Fourth-quarter net income attributable to stockholders slid 48 percent to $725 million, the lowest in two years. GM had earned more than $2 billion in each of the three previous quarters. Profit in the fourth quarter fell 25 percent to 39 cents a share, trailing the 41-cent average estimate of 17 analysts surveyed by Bloomberg.
GM North America earnings before interest and taxes more than tripled for the year to $7.19 billion on improved U.S. sales. The automaker’s Europe business, including the Opel brand, lost $747 million for the year. While that’s better than Europe’s $1.76 billion loss in 2010, it’s not break-even as GM had planned until November.
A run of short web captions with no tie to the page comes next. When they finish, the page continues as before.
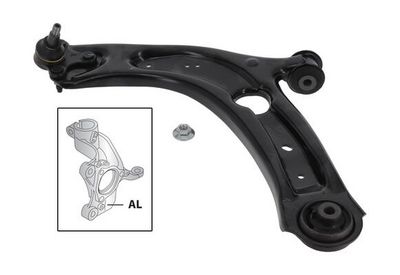 LENKER RADAUFHäNGUNG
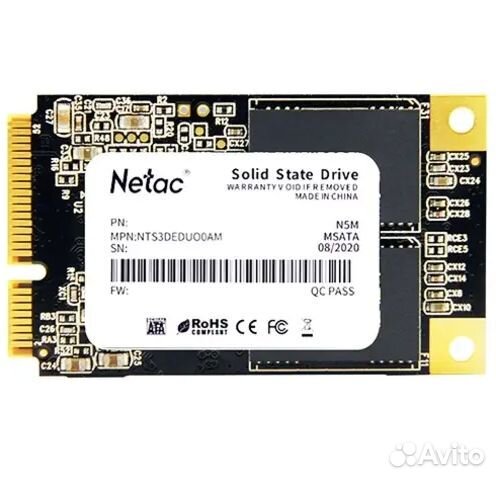 SSD mSata 1TB Netac N5M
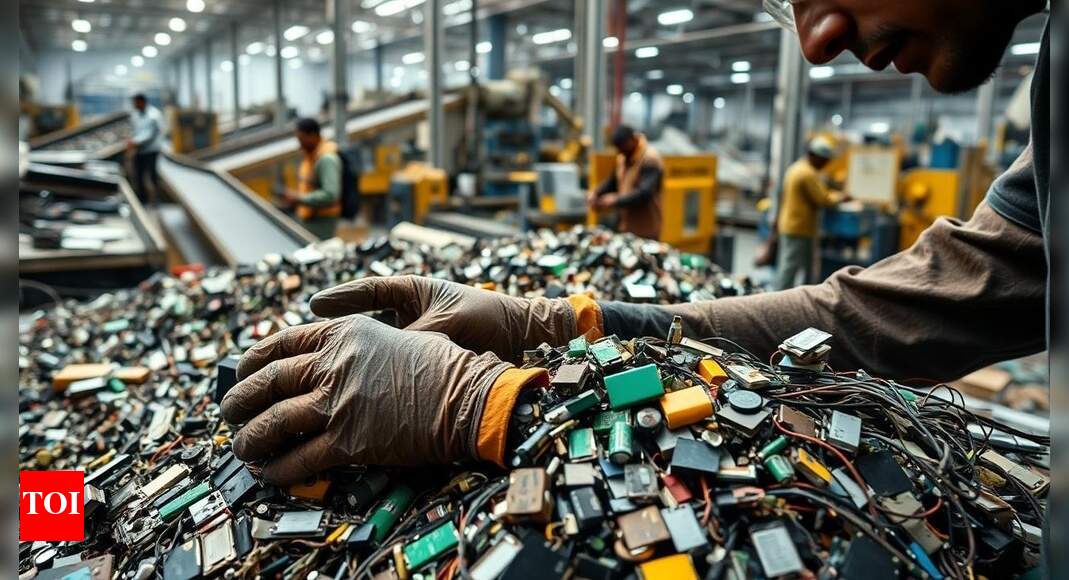 Innovating for impact: Transforming e-waste into sustainable tech solutions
“GM’s results in Europe certainly dampen the positive results in the U.S. but you have to still say they had a really good year,” Rebecca Lindland, an industry analyst with IHS Automotive, said before the results were released. Before a government-backed bankruptcy in 2009, “they were making record losses, so they’ve made a tremendous amount of progress.”
GM global sales rose 7.6 percent last year to 9.03 million to outsell Toyota Motor Corp. (7203) as the world’s top-selling automaker. GM lost the sales crown in 2008 to Toyota.
GM’s full-year profit in 2010 of $6.17 billion had been the automaker’s largest annual income since its predecessor earned $6.7 billion in 1997, excluding profit in 2009 to account for its post-bankruptcy recapitalization.